General information
- Type: air observation post
- National origin: United Kingdom
- Manufacturer: Fane Aircraft Company
- Designer: Gerard Fane
- Number built: 1

History
- First flight: 1941

= Fane F.1/40 =

1940s British air observation post aircraft

The Fane F.1/40 was a 1940s British air observation post aircraft design by Captain Gerald Fane's Fane Aircraft Company (formerly C F Aircraft Ltd).

==Design and development==
In 1938, Nicholas Comper, the designer of the Comper Swift single-seat light aircraft, started work on the design of a two-seat light aircraft, intended for the recently announced Civil Air Guard, the Comper Scamp. The Scamp was a high wing monoplane with a pusher configuration, a tricycle undercarriage and with a single fin tail mounted on twin tail-booms, with a wingspan of 30 ft and a length of 18.9 ft. It was intended to be powered by a single 100 hp Walter Mikron engine, but this engine was unavailable and instead a 40 hp 2-cylinder Praga engine was selected, and the aircraft redesigned as a single-seater, the Comper Fly, as a result of the reduction in power. A prototype Fly was built at the College of Aeronautical Engineering at Brooklands Aerodrome but was incomplete when Comper died on 18 July 1939. In June 1940, the Fly was taken to Heston Aircraft Company for completion and testing, but it failed to become airborne, and the type was abandoned by Heston.

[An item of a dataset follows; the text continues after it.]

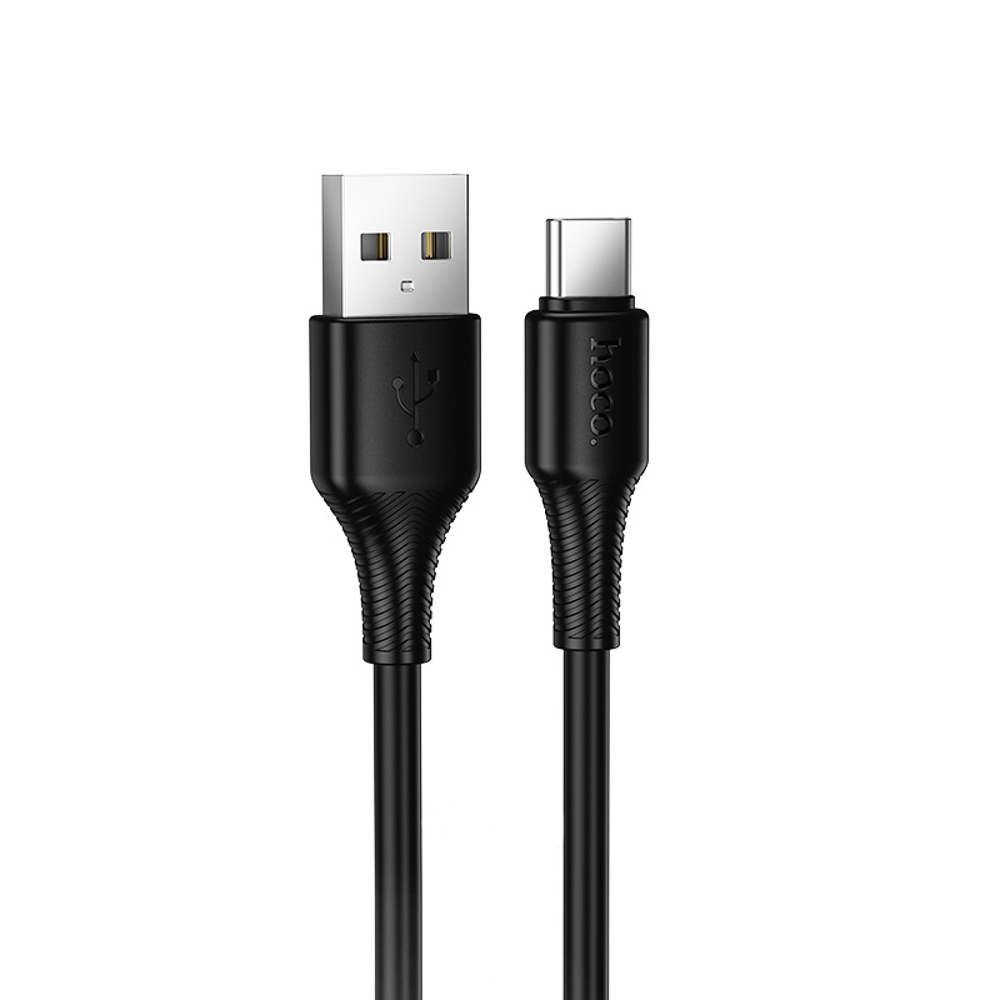 Кабель для зарядки USB(A)-Type C hoco. модель X120, 1м, черный, арт.№ 931-553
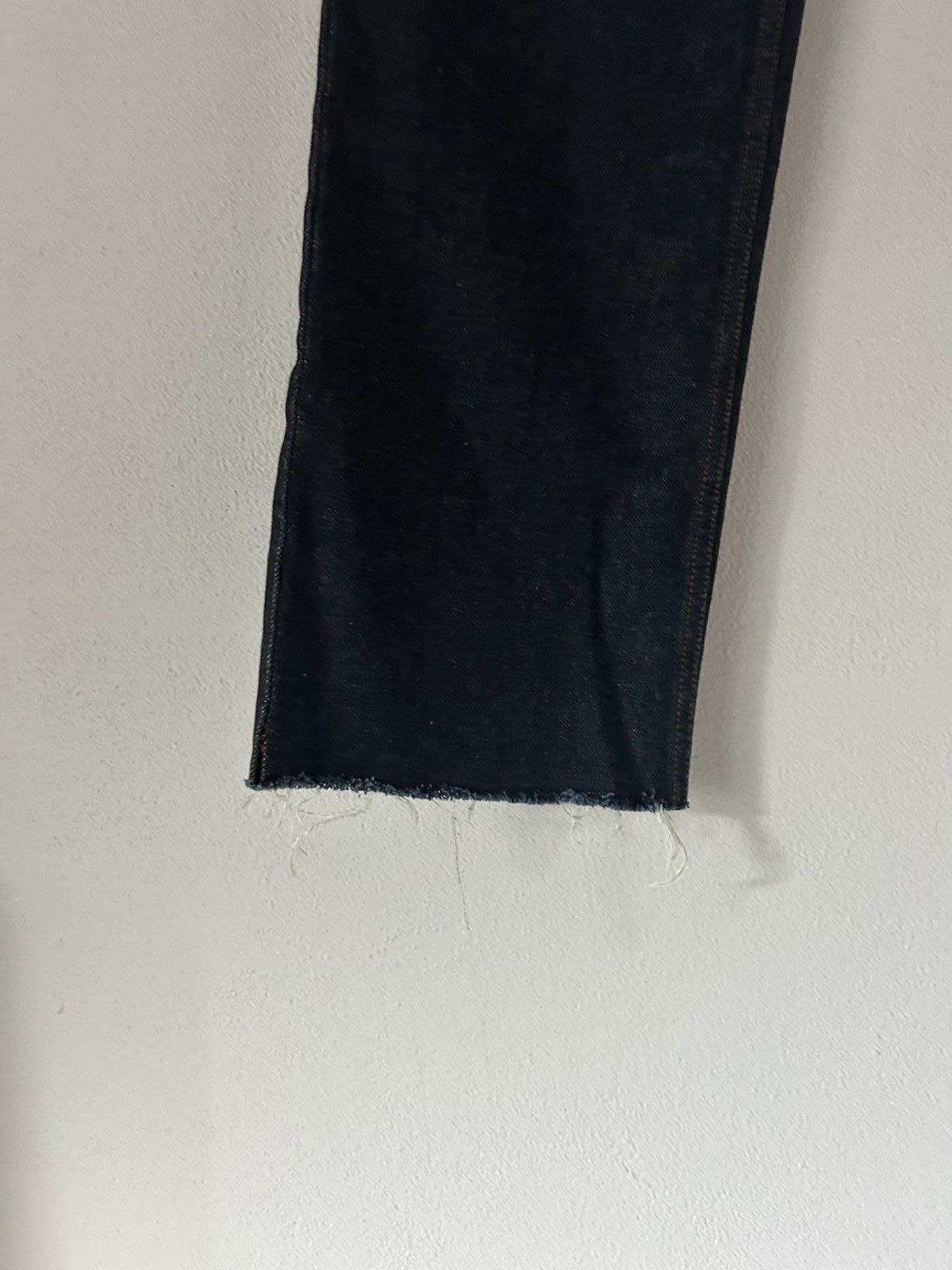 Valentino Valentino Raw Hem Dark Denim Jeans Size US 34 / EU 50 - 5 Thumbnail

Captain Gerald Fane, a long-time customer of Comper, then took over development of the Scamp/Fly, redesigning it as a larger, two-seat aircraft with the tail mounted on a single tailboom, powered by an 80 hp Continental A80 flat-four engine and intended for the army co-operation role. The aircraft was initially called the Fane F.1, but was later known as the Fane F.1/40 after the Air Ministry specification F.1/40 for an army cooperation aircraft. It was of pusher configuration with a high wing set behind the pilot. A single example serial number T1788 was first flown on 21 in March 1941 and tested by the Air Ministry at Heston Aerodrome. It was in competition with the General Aircraft GAL.47 but neither were selected for service use. In September 1941 the F.1/40 was registered G-AGDJ to the builders, but was scrapped sometime during the war.